Levitt David G, Levitt Michael D
Department of Integrative Biology and Physiology, University of Minnesota.
Research Service, Veterans Affairs Medical Center, Minneapolis, MN, USA.
Clin Exp Gastroenterol. 2017 Jul 17;10:147-168. doi: 10.2147/CEG.S136803. eCollection 2017.
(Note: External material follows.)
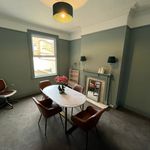 Rent 5 bedroom house in Darlington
Protein losing enteropathy (PLE) has been associated with more than 60 different conditions, including nearly all gastrointestinal diseases (Crohn's disease, celiac, Whipple's, intestinal infections, and so on) and a large number of non-gut conditions (cardiac and liver disease, lupus, sarcoidosis, and so on). This review presents the first attempt to quantitatively understand the magnitude of the PLE in relation to the associated pathology for three different disease categories: 1) increased lymphatic pressure (e.g., lymphangiectasis); 2) diseases with mucosal erosions (e.g., Crohn's disease); and 3) diseases without mucosal erosions (e.g., celiac disease). The PLE with lymphangiectasis results from rupture of the mucosal lymphatics, with retrograde drainage of systemic lymph into the intestinal lumen with the resultant loss of CD4 T cells, which is diagnostic. Mucosal erosion PLE results from macroscopic breakdown of the mucosal barrier, with the epithelial capillaries becoming the rate-limiting factor in albumin loss. The equation derived to describe the relationship between the reduction in serum albumin (C) and PLE indicates that gastrointestinal albumin clearance must increase by at least 17 times normal to reduce the C by half. The strengths and limitations of the two quantitative measures of PLE (Cr-albumin or α-antitrypsin [αAT] clearance) are reviewed. αAT provides a simple quantitative diagnostic test that is probably underused clinically. The strong, unexplained correlation between minor decreases in C and subsequent mortality in seemingly healthy individuals raises the question of whether subclinical PLE could account for the decreased C and, if so, could the mechanism responsible for PLE play a role in the increased mortality? A large-scale study correlating αAT clearance with serum albumin concentrations will be required in order to determine the role of PLE in the regulation of the serum albumin concentration of seemingly healthy subjects.
蛋白丢失性肠病(PLE)与60多种不同病症相关,包括几乎所有的胃肠道疾病(克罗恩病、乳糜泻、惠普尔病、肠道感染等)以及大量非肠道疾病(心脏病、肝病、狼疮、结节病等)。本综述首次尝试定量了解与三种不同疾病类别相关的PLE的严重程度:1)淋巴压力增加(如淋巴管扩张);2)伴有黏膜糜烂的疾病(如克罗恩病);3)无黏膜糜烂的疾病(如乳糜泻)。淋巴管扩张导致的PLE是由于黏膜淋巴管破裂,全身淋巴液逆行引流至肠腔,导致CD4 T细胞丢失,这具有诊断意义。黏膜糜烂性PLE是由于黏膜屏障的宏观破坏,上皮毛细血管成为白蛋白丢失的限速因素。用于描述血清白蛋白降低(C)与PLE之间关系的公式表明,胃肠道白蛋白清除率必须至少增加至正常水平的17倍,才能使C降低一半。本文回顾了PLE的两种定量测量方法(铬白蛋白或α-抗胰蛋白酶[αAT]清除率)的优缺点。αAT提供了一种简单的定量诊断测试,临床上可能未得到充分应用。在看似健康的个体中,C的轻微降低与随后的死亡率之间存在强烈的、无法解释的相关性,这引发了一个问题,即亚临床PLE是否可以解释C的降低,如果是,那么导致PLE的机制是否在死亡率增加中起作用?为了确定PLE在看似健康的受试者血清白蛋白浓度调节中的作用,需要进行一项将αAT清除率与血清白蛋白浓度相关联的大规模研究。